**Data shown**
[Start of Attachment]

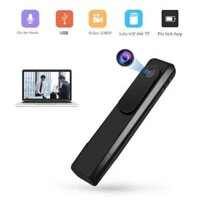 Arealer 1080p Máy Quay Mini Kẹp Bỏ Túi Máy Quay Video Tích Hợp Pin Lithium Usb Ghi Âm Một Phím Ghi Nhanh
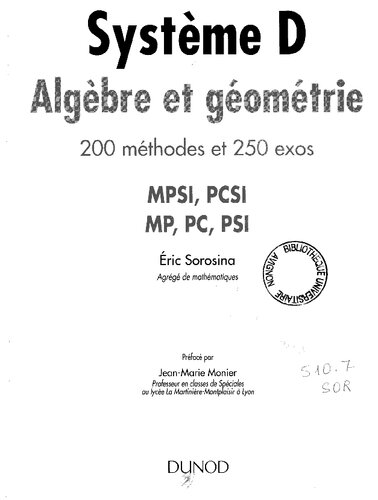 ﻿سیستم D جبر و هندسه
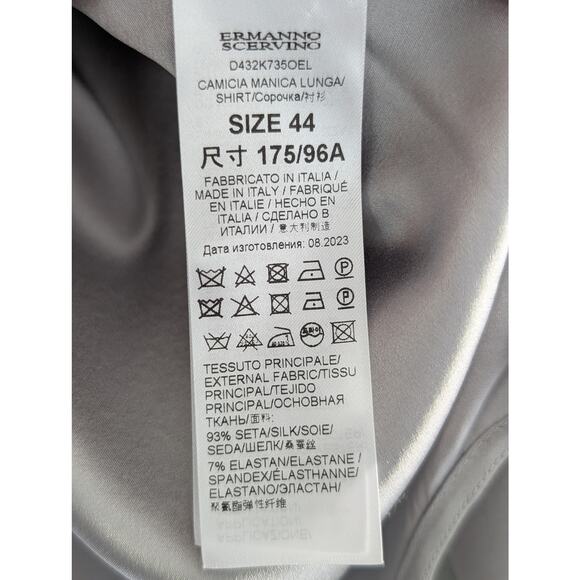 Ermanno Scervino Gray and Black Blouse - Picture 10 of 12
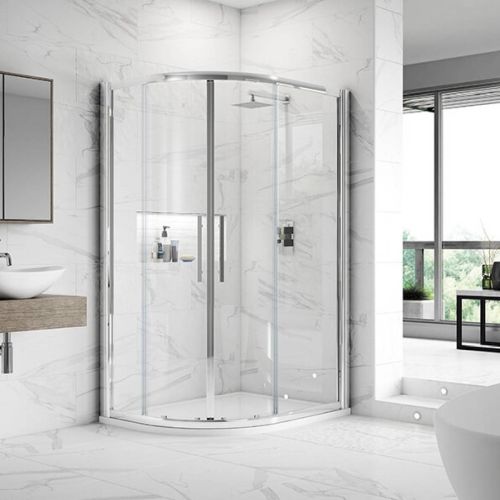 Hudson Reed Apex 1200 x 800mm Offset Quadrant Shower Enclosure with Square Handle M1280Q-E8 (10282)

[End of Attachment]

**Requirement**
Precisely the lines from the one containing "جبر و هندسه" to the end of the data above, both included, should be printed; leave the pictures out.

**Answer for this exercise**
 ﻿سیستم D جبر و هندسه
 Ermanno Scervino Gray and Black Blouse - Picture 10 of 12
 Hudson Reed Apex 1200 x 800mm Offset Quadrant Shower Enclosure with Square Handle M1280Q-E8 (10282)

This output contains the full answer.